The endorsement gives proponents of Referendums C and D access to one of the state’s two largest grassroots political networks, but the other one is already out of reach.

The Republican Party has already indicated that it won’t endorse the measures, Sheila MacDonald, campaign manager for “Yes on C and D,” told the meeting in Fort Collins.

Part of a carefully crafted compromise between Democratic legislative leaders and Republican Gov. Bill Owens, Referendums C and D would suspend the Taxpayer’s Bill of Rights, or TABOR, for five years, heading off what supporters say would be drastic budget cuts by the legislature next year.

Proponents have begun what they expect to be a $4 million effort to get the measures passed. More than 180 people and organizations have endorsed the measure, including the Republican mayor of Colorado Springs and Larimer County, according to Katy Atkinson, a spokeswoman for “Yes on C and D.”

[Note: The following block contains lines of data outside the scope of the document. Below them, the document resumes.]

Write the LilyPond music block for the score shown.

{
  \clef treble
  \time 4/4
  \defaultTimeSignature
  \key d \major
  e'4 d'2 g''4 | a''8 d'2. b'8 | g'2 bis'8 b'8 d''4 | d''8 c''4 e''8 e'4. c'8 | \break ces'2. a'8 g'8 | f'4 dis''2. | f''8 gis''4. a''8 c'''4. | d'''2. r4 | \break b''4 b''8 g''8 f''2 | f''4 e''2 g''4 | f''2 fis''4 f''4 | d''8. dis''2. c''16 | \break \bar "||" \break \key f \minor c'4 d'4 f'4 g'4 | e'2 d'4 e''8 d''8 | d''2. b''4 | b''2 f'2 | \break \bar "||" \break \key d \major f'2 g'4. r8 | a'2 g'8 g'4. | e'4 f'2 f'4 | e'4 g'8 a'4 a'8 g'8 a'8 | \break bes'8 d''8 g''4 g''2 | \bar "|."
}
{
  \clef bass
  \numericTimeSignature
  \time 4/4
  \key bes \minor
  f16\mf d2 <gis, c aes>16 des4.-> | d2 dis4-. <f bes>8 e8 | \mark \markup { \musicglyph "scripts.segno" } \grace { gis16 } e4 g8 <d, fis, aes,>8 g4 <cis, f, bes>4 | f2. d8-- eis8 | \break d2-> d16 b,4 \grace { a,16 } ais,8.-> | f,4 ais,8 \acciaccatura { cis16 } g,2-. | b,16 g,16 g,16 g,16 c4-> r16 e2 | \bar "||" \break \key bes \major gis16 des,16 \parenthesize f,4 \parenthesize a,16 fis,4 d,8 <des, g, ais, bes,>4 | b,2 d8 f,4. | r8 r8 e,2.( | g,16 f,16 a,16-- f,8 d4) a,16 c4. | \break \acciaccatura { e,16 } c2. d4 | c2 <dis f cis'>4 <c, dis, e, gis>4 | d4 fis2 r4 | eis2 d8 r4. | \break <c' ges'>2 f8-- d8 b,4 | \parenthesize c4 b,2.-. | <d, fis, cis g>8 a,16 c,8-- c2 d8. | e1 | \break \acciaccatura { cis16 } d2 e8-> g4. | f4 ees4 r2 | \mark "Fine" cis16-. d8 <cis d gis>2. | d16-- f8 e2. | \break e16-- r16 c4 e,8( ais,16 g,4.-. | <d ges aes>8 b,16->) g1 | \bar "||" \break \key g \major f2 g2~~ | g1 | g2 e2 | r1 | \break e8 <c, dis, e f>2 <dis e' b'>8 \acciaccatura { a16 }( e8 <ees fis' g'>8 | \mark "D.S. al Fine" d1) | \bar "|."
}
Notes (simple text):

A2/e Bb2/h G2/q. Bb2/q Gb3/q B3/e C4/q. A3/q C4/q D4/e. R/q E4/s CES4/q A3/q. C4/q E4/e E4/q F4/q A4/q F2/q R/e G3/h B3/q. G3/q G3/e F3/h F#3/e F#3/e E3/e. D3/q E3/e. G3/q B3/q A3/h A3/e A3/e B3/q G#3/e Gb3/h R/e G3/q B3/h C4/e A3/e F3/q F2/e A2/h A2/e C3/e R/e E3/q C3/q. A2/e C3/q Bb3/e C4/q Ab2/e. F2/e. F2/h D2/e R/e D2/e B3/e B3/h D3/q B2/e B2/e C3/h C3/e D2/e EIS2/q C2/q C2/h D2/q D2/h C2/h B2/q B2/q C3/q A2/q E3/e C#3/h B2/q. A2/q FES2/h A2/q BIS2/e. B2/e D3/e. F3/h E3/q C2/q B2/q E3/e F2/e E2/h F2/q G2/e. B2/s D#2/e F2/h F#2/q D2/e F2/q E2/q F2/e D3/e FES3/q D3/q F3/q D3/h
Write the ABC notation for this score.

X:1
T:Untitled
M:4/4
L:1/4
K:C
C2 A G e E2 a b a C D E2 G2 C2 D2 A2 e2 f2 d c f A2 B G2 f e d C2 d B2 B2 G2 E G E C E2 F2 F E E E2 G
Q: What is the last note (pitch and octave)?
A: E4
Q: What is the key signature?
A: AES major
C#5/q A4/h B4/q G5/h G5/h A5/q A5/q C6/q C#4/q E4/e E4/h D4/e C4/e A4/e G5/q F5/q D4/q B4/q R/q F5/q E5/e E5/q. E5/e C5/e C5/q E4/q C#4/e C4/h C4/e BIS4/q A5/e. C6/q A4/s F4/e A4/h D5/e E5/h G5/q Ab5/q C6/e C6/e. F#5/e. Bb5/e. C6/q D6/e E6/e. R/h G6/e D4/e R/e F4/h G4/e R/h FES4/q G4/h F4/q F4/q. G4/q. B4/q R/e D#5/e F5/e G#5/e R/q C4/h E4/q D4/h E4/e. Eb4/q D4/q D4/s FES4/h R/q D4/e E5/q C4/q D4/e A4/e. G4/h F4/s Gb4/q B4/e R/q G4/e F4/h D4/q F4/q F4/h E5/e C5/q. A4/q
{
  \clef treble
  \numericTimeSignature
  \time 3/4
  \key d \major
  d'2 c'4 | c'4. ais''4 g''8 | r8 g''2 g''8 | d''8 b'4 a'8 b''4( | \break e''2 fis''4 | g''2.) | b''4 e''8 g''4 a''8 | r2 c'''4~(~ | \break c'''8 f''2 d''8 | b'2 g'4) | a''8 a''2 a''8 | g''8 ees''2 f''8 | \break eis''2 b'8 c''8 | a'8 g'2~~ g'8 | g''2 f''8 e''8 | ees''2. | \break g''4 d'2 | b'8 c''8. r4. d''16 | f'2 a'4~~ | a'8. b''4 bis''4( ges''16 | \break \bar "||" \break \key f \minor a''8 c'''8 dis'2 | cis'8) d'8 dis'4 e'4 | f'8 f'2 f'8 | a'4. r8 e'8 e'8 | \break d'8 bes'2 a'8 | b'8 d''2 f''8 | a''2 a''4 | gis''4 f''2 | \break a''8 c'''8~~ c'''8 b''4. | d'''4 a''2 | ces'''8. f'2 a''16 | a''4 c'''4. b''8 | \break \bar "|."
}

“There are organizations that have never agreed on anything before coming together on this – business organizations, labor organizations, economic development groups. In 30 years of politics, I haven’t seen this broad a coalition come together on anything,” Atkinson said.

Even so, several members of the Democratic executive committee openly worried that their party’s endorsement would be a mistake, especially without an endorsement by state Republicans.

“By our actions today, we’ve just ensured that this will be a partisan issue. We’ve just ensured that Republicans will be against it,” Darryl Eskin, a delegate from Adams County, told the meeting.

Some delegates objected to using party resources on the measures rather than defending the party’s majorities in the legislature. Others complained that Referendum D, which allocates money for highway, education and other projects, slighted their counties.

But party leaders said it would be a disaster not to support Democratic legislative leaders who helped craft the measure.

“Each one of us could say that because it doesn’t have my specific project, I’m going to oppose it. But that would be the proverbial cutting your nose off to spite your face. If this doesn’t pass, nobody gets anything,” said Bob Bacon, a state senator from Fort Collins.

In other action, the executive committee decided that next year’s state party convention will be May 19-20 in Greeley. That city is part of the 4th Congressional District where Republican U.S. Rep. Marilyn Musgrave is being targeted in the 2006 elections.